Late Indian Summer
2 November 2014
It’s been a hectic week. It was bliss to get to Dorset and to finish a long day of meetings on Thursday, and collect Charlie on the late afternoon train, and get home to the Parsonage.
We’d made a plan on Friday to pop down to Lyme Regis for lunch. Regular readers of the blog will know that I love Lyme – and it’s the best thing at the moment seeing places that I love through new eyes. We had a delicious lunch in the tiny glazed room perched high over the town that is Hix’s Oyster and Fish House. The afternoon was incredibly warm and we went for a walk down to the Cobb and the beach.
It was appropriate, given all the commentary on last week’s blog about beaches, which I am sure was intended to be purely tongue-in-cheek and suddenly started to get serious for some reason… to see lots and lots of happy bathers swimming in the sea on October 31st. Insane.
The waves on the Cobb were stormy, but the warm air was balmy.
In the harbour people were fishing for crabs:
And on the beach were intrepid swimmers who seemed perfectly happy to be frolicking about in the waves:
It was time to get buried in the sand,
or to sit and watch the world go by,
or build extraordinary sandcastles…
(incidentally I could devote a whole blog to how much I adore sandcastles)…

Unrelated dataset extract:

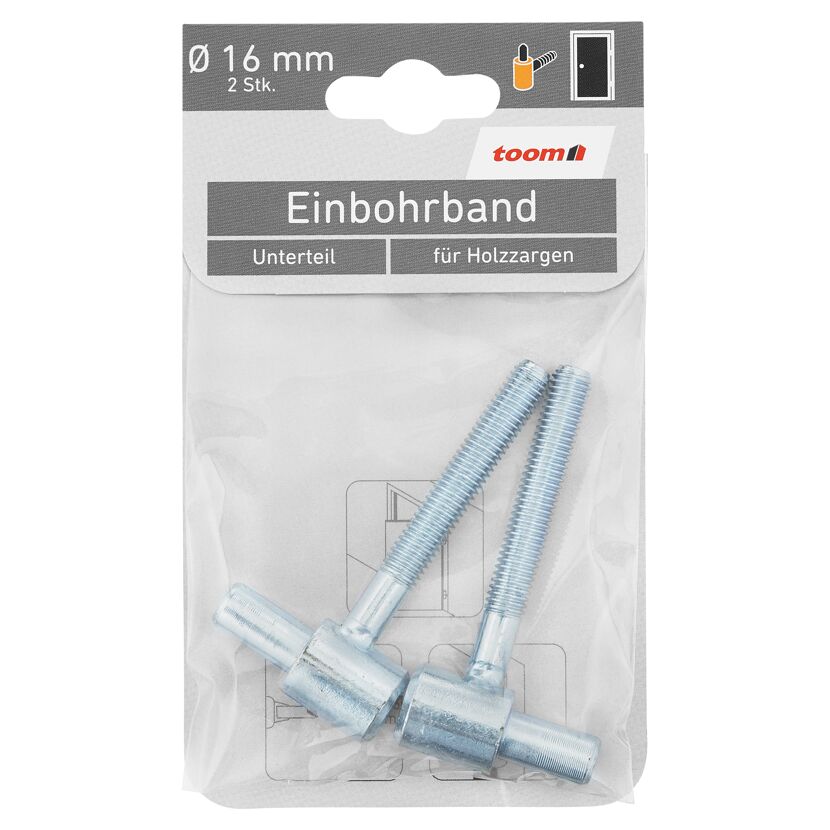 Zwei verzinkte Einbohrbänder von toom in Verpackung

…or to dig an enormous hole.
I haven’t seen such a happy beach scene for years. I think everyone was completely amazed by the day… a gift from heaven.

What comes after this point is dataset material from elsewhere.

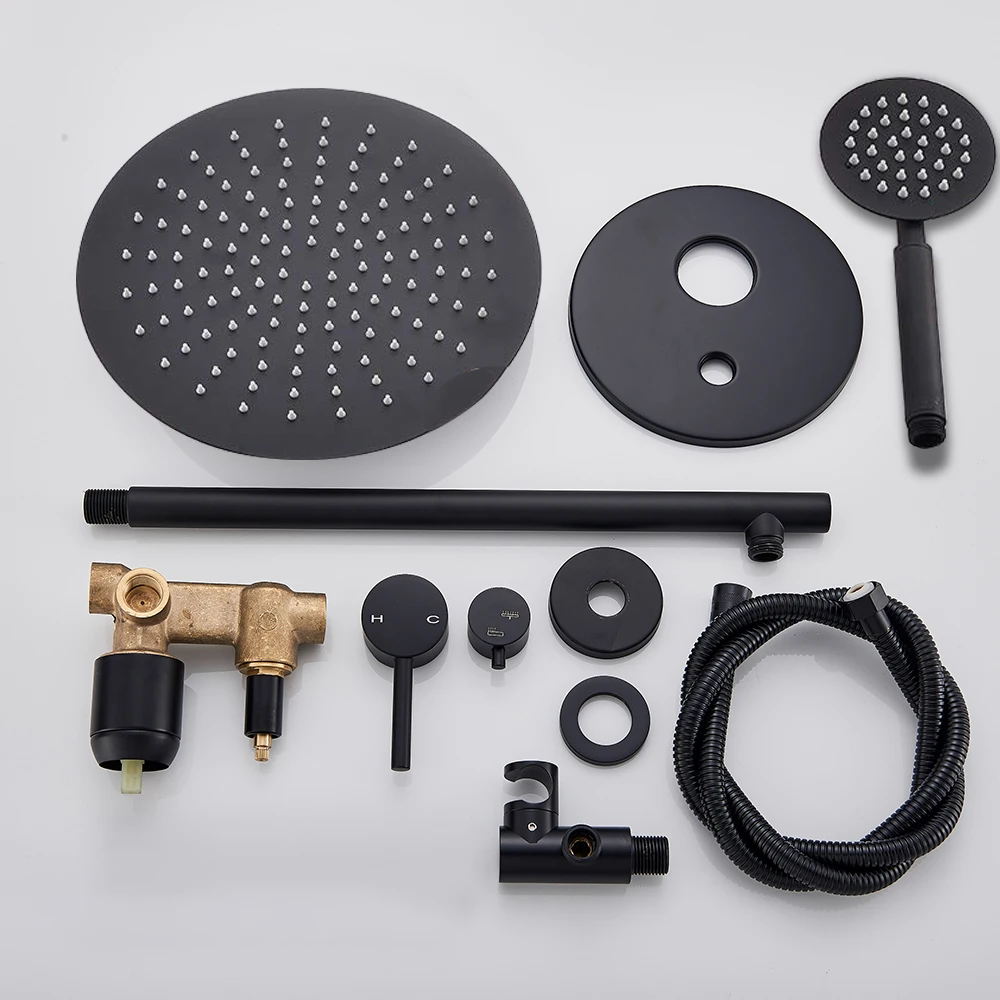 

Black Ceiling Mounted Shower Faucet Set In Wall Concealed Shower System Bathroom Shower Mixer Tap Stainless Steel Rainfall Head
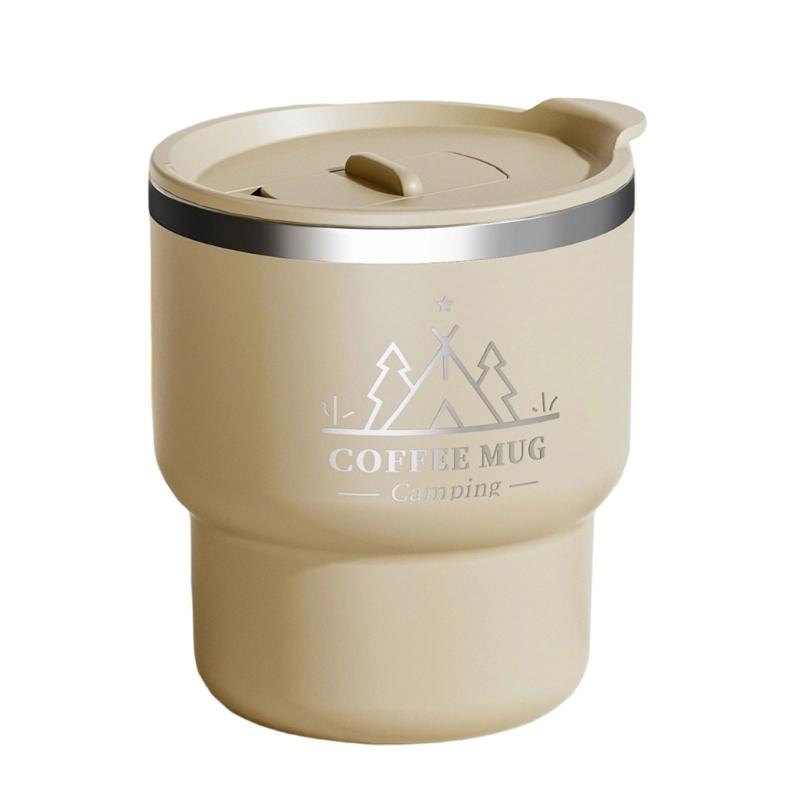 Leak Proof Stainless Steel Coffee Cup With Sealed Lid For Outdoor Camping Office Use Double Layer Insulated Travel Mug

And sitting having your glass of wine with your collies outside the most beautiful little Regency cottages on the seafront would be about as close to heaven as I imagine it was possible to get on Friday afternoon.

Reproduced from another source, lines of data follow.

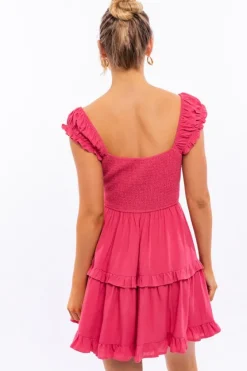Cap-Sleeve Short Ruffled Graduation Party Dress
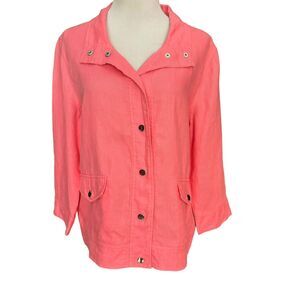 Chico’s Size 1, Medium Linen Snap Button Jacket Coral Pink 3/4 Sleeves Breezy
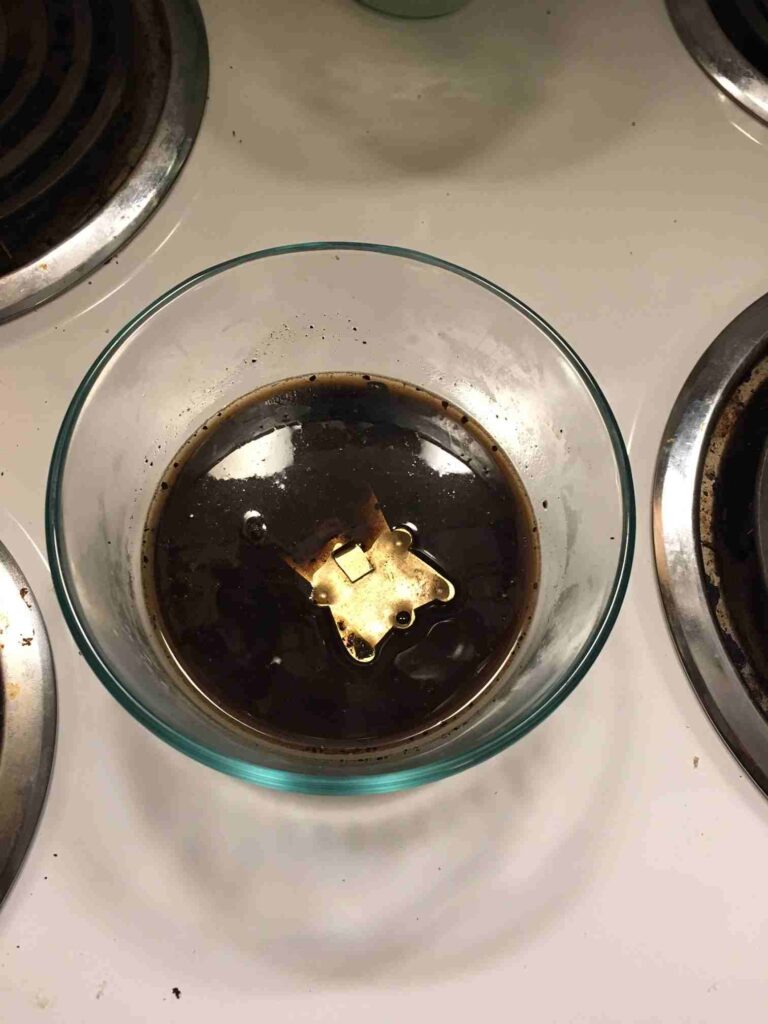 Aging brass with Coffee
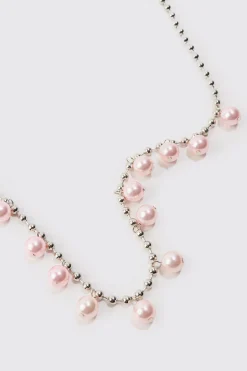 Pearl Bead Necklace In Silver | BoohooMAN UK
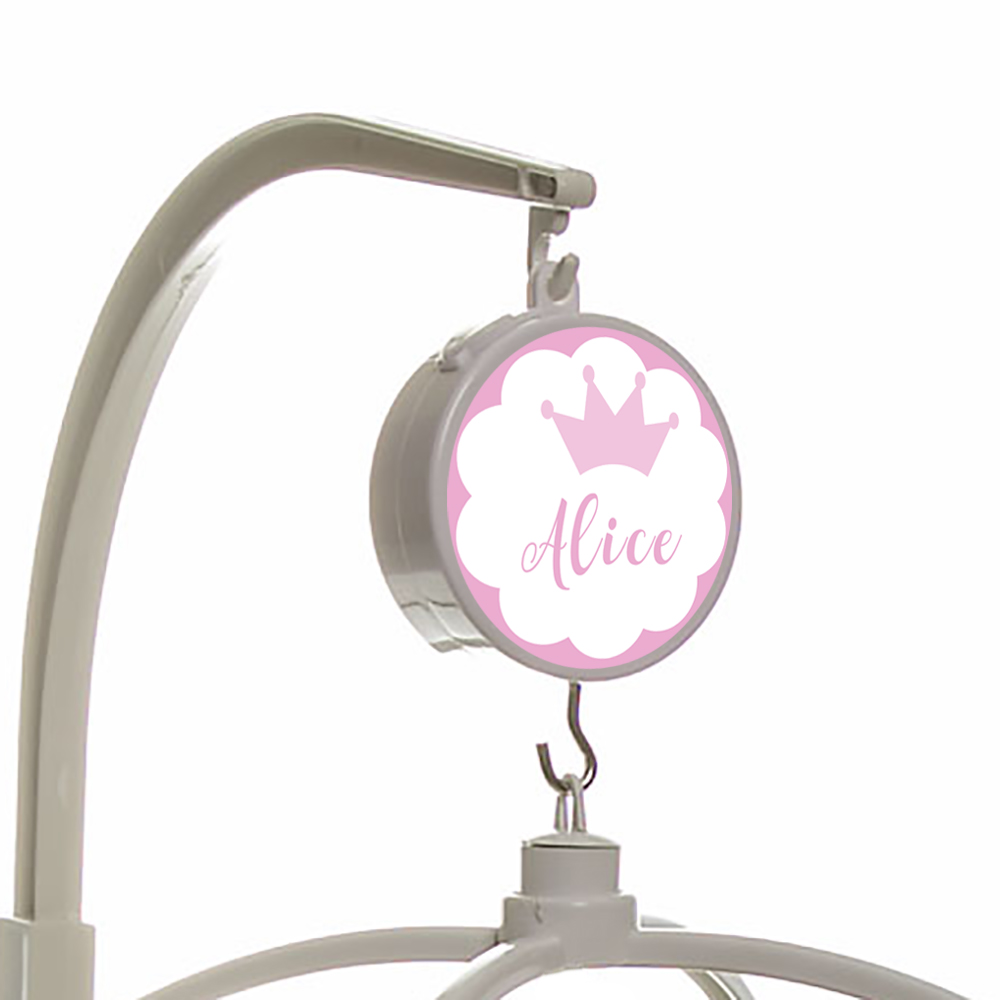 Móbile Musical Ursa Princesa Rosa e Coroa Dourada Quarto Bebê Infantil Menina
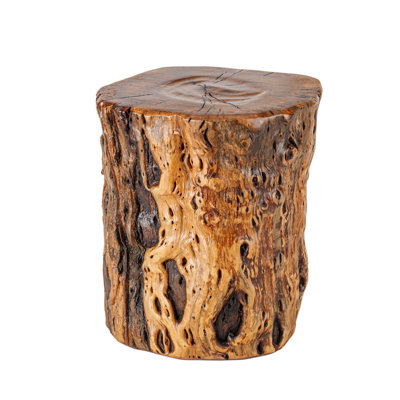 Natural Tree Trunk Stump Stool With Live Edge Solid Wood Plant Stand, Stool, Garden Bench, Side Table, End Table - D8.6 In X H9.5 In -  Millwood Pines, A400BC6CA03E4B5D900C50D3B6F07167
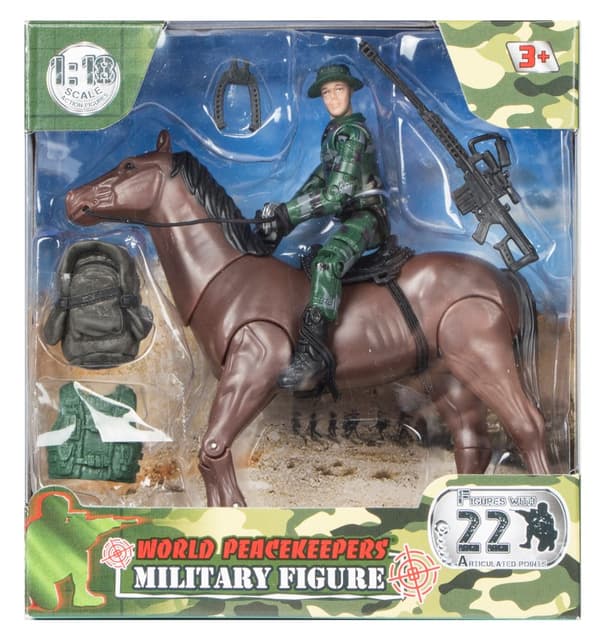 World Peacekeepers 1:18 Militär figur m. häst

I love Lyme’s perfect combination of Georgian streets and seaside charm; like a softer, smaller version of Weymouth, which I wrote about this summer.
Some of the great delights of Lyme are to be found in the quiet back streets. It’s the perfect town.
We got home just in time. Friday night was committee night of the village social club, which started at 6.30, as planned, in our kitchen, but I think ended at about midnight. It has been known, from time to time, that the committee meetings are even more riotous than the social club nights, and this was no exception.
On Saturday, after a beautiful morning, the weather began to turn. We went for a fine walk across the hills that afternoon. Autumn is here.
This morning, we went down to the Goodwin’s. If you followed the link to the little blog about Weymouth this summer, you’ll have seen their house the weekend that they moved in this summer. I’m sure they won’t mind if I show you a few sneaky views snapped on my phone.
The Goodwins take my breath away. I’m not sure I’ve ever known anyone who can create a more settled, timeless feeling in a house in so short a time. It’s a fine line between chaos and heaven. Their interiors are amazing; like an extraordinary fantastic creation that you can’t quite believe. Everything has been here for just a matter of weeks. Do you see what I mean?
The Valley was startlingly beautiful in the grey autumn light.
We walked back and I noticed, for the first time, that trees are suddenly completely bare. Isn’t strange how just when you are ready for a change of season, it is here? The sea, sand and sunshine in Lyme was magical, but I will admit I’ve been missing autumn a little bit. I’m sitting writing by the fire, with just the noise of the flickering flames, and it feels as if the year is spinning to its end soon, and I haven’t been happier for ages.